WHHG
- Milan, Tennessee; United States;
- Broadcast area: Jackson, Tennessee
- Frequency: 92.3 MHz
- Branding: 92.3 the Hog

Programming
- Format: Classic rock
- Affiliations: Premiere Networks United Stations Radio Networks

Ownership
- Owner: Forever Communications; (Forever South Licenses, LLC);
- Sister stations: WOGY, WTJF, WTJF-FM, WYJJ

History
- First air date: December 12, 1964 (as WKBJ-FM)
- Former call signs: WKBJ-FM (1964–1983) WYNU (1983–2017)
- Call sign meaning: W H HoG

Technical information
- Licensing authority: FCC
- Facility ID: 50125
- Class: C0
- ERP: 100,000 watts
- HAAT: 302 meters (991 ft)

Links
- Public license information: Public file; LMS;
- Webcast: Listen live
- Website: www.923thehog.com

= WHHG =

Classic rock radio station in Milan, Tennessee, United States

WHHG (92.3 FM), known as "92.3 the Hog", is a classic rock formatted radio station based in Milan, Tennessee. The station is owned by Forever Communications, through licensee Forever South Licenses, LLC. WHHG serves Jackson and West Tennessee with an ERP of 100,000 watts at 92.3 MHz.
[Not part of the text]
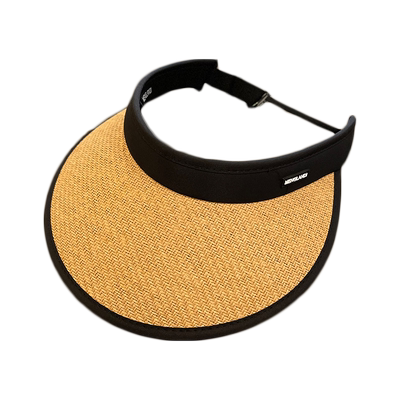 夏季儿童大帽檐遮阳空顶帽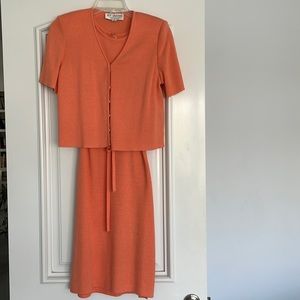St John Knit dress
The station can be heard clearly throughout nearly all of West Tennessee, but can be intermittently picked up in Memphis, areas along the Tennessee River, southwestern Kentucky, extreme northern Mississippi, and even in portions of the Arkansas/Missouri delta along the Mississippi River. Previously, the station was "WYNU U92, Classic Hits for U", and before that it was (also with the WYNU calls) "Rock 92.3".

== History ==
In the 1980s, it was known as 92-FM, airing a Top 40 format. Before 2006, WHHG (then WYNU) was owned by Clear Channel Communications. Forever Communications (licensee Forever South) purchased WHHG and WOGY (then WTNV). It would be until 2014 before changes were due for the station. On April 1, Forever reformatted the station as "Classic Hits WYNU U92". In December 2017, the station switched formats back to Classic Rock as "92.3 The Hog". Soon after that in January 2018, the callsign WYNU that was part of the station since 1983 was ditched in favor of WHHG, to go along with the HOG brand.